WORK ITEM
No pictures, no extra lines: copy exactly from the line with "状態ランクA 】【 メンズ 】" through the end of the entries.

(Captioned web images)
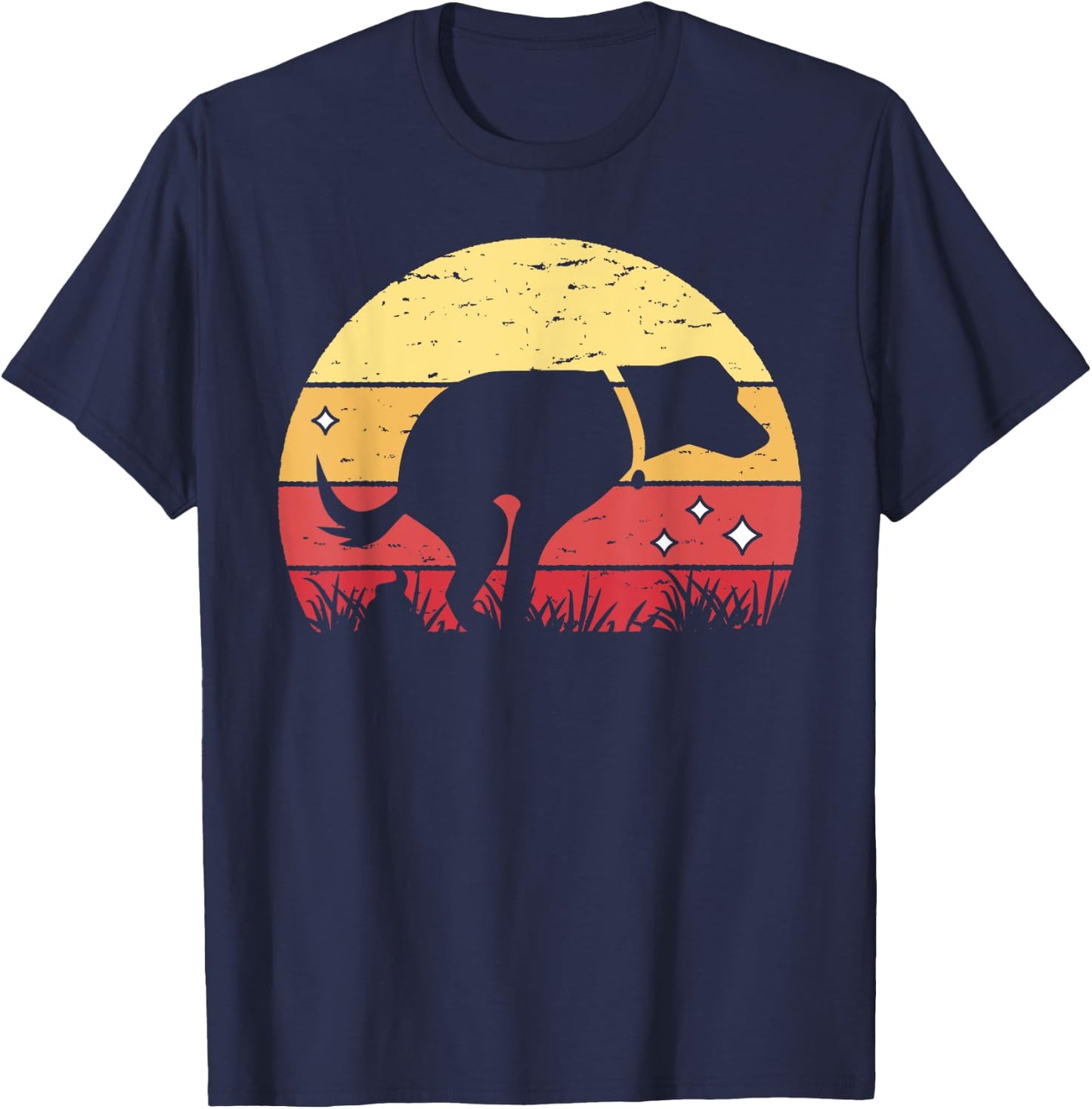 Retro Labrador Sunset Dog Pooping Canine Owner T-Shirt - T-Shirt | Navy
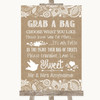 Burlap & Lace Grab A Bag Candy Buffet Cart Sweets Personalised Wedding Sign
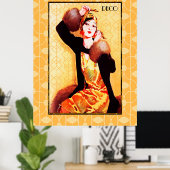 Art Deco Asian Beauty Poster (Thuiskantoor)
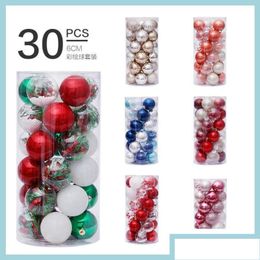 Party Decoration 30Pcs 6Cm Christmas Tree Decor Balls Glitter Blue Gold Plating Hanging Pendants Ball For Home Year Otpzx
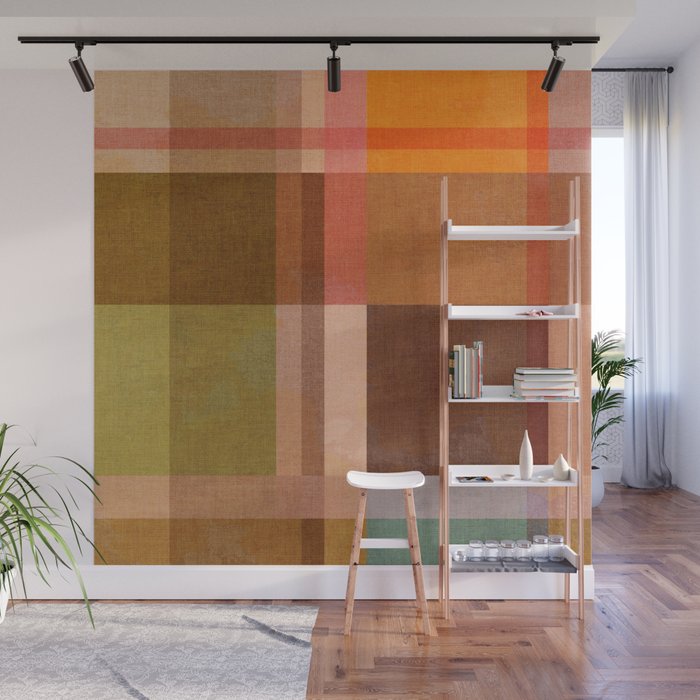 Cosy Heritage Woven Plaid 1 earthy orange blue green Wall Mural Gallery Image 1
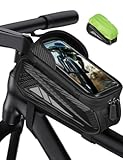 Bike Phone Holder Bag&comma; EVA Waterproof Bicycle Front Frame Bag&comma; Bike Accessories Cycling Pouch with Sensitive TPU Touch-Screen&comma; Bicycle Phone Mount with Rain Cover for Phone under 7" &lpar;Black&comma; 7 inch&rpar;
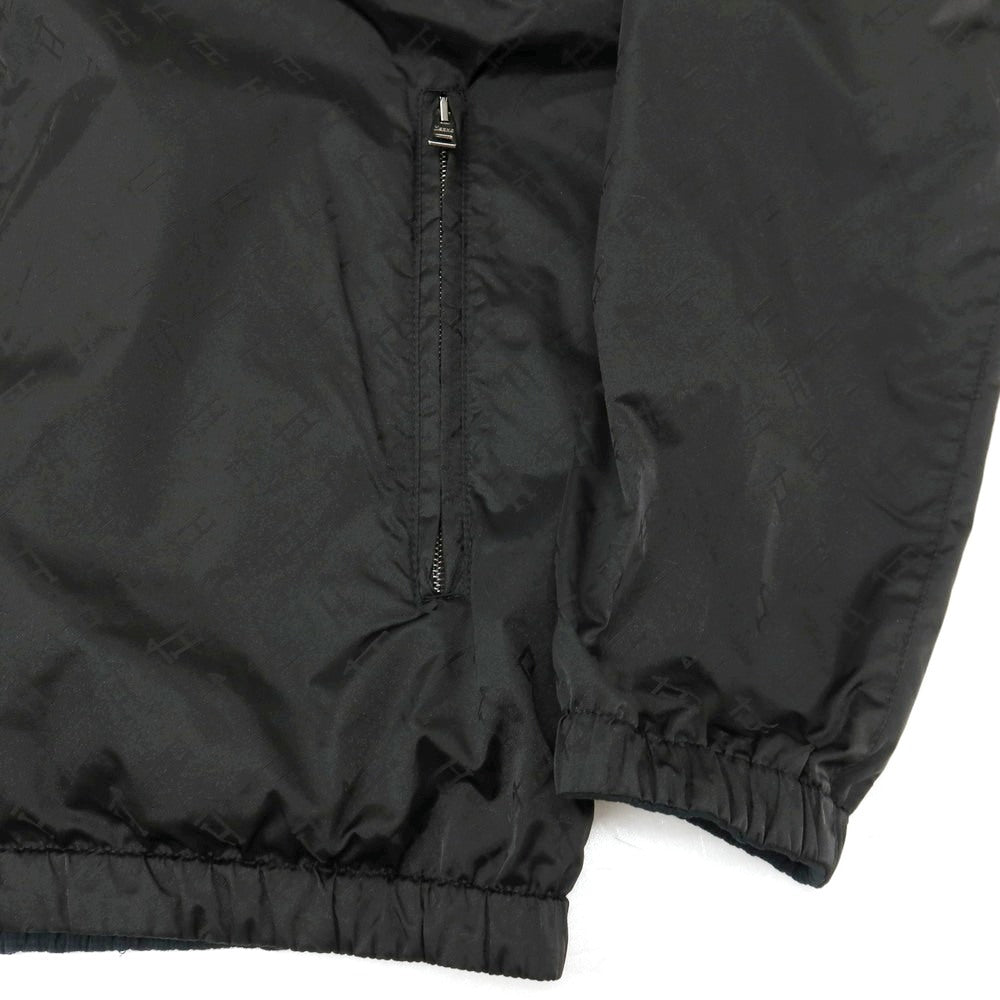 【中古】ヘルノ Herno リバーシブル モノグラム柄ジャカード＆ストレッチメッシュ フーデッドブルゾン ブラック【サイズ46】【 状態ランクA 】【 メンズ 】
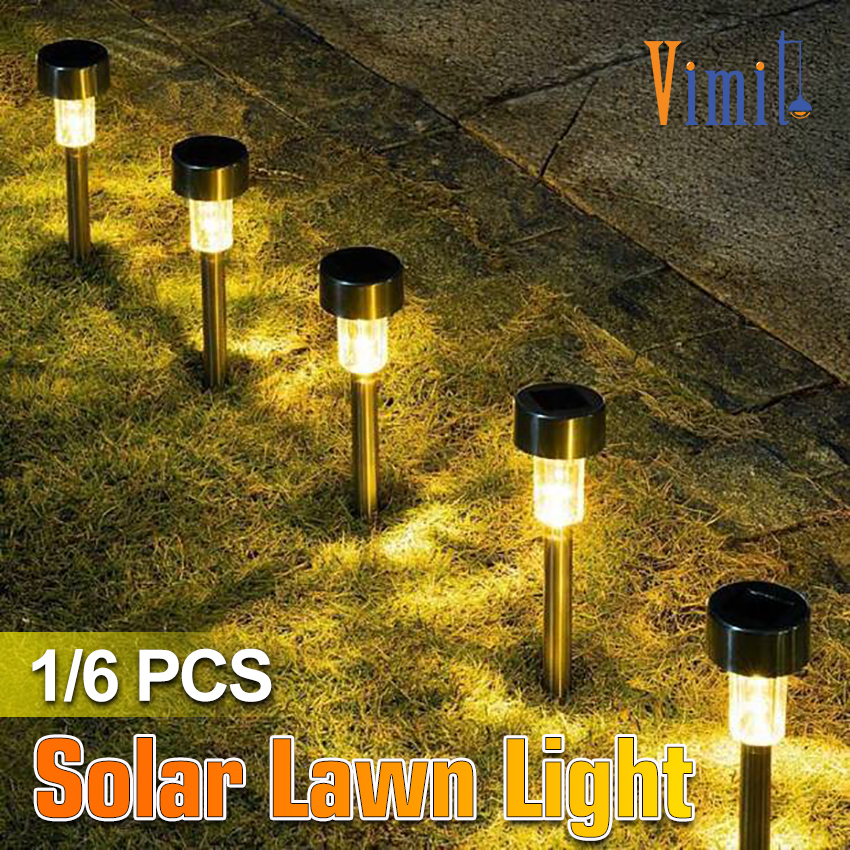 Vimite 6PCS Solar Lawn Light Outdoor Waterproof Automatic Garden Light Landscape Lighting Stainless Steel Pathway Lamp for House Yard Fence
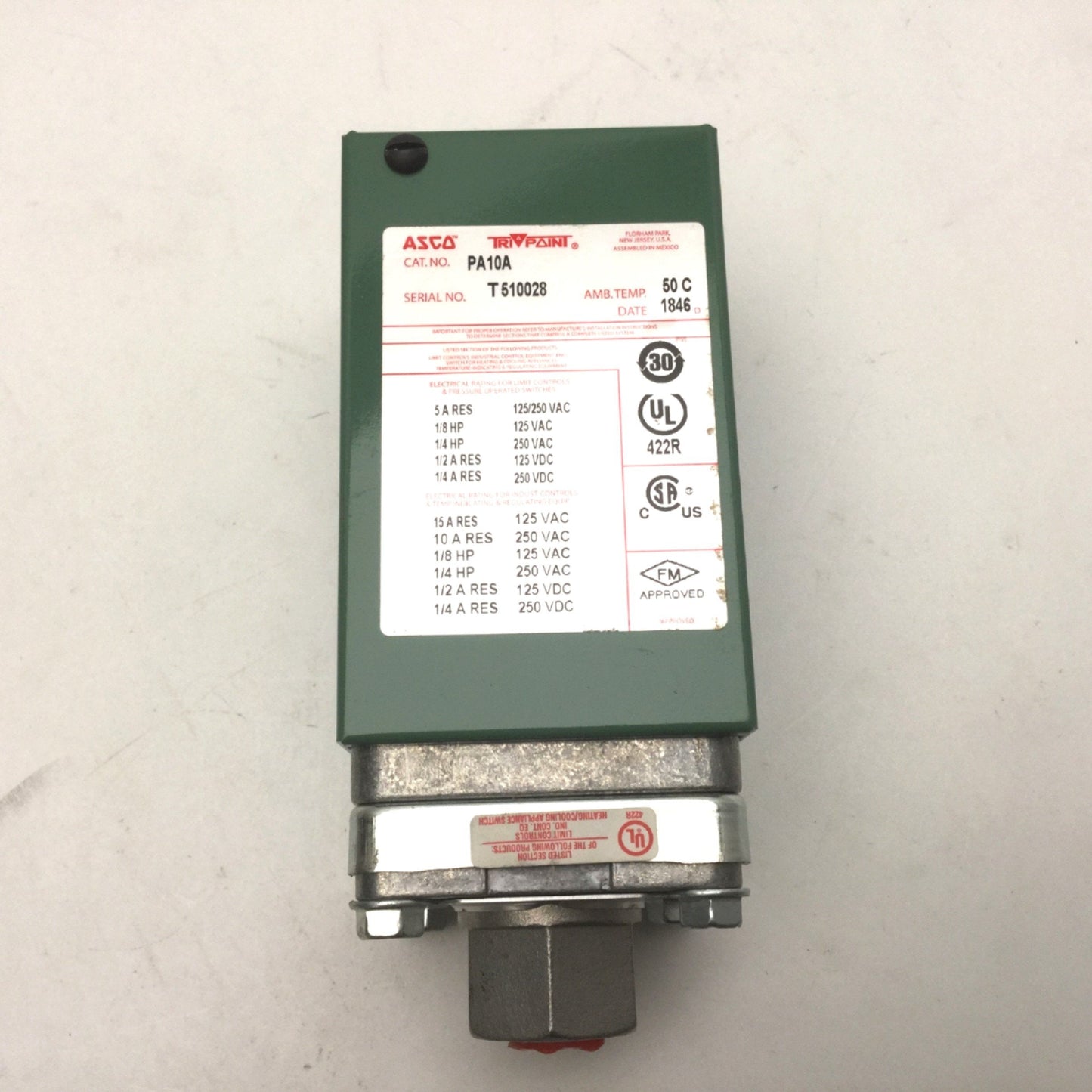 New ASCO TriPoint PA10A RF10A42 P-Series Pressure Switch 10-100psi 125/250VAC 15/10A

SOLUTION TO THIS EXERCISE
 【中古】ヘルノ Herno リバーシブル モノグラム柄ジャカード＆ストレッチメッシュ フーデッドブルゾン ブラック【サイズ46】【 状態ランクA 】【 メンズ 】
 Vimite 6PCS Solar Lawn Light Outdoor Waterproof Automatic Garden Light Landscape Lighting Stainless Steel Pathway Lamp for House Yard Fence
 New ASCO TriPoint PA10A RF10A42 P-Series Pressure Switch 10-100psi 125/250VAC 15/10A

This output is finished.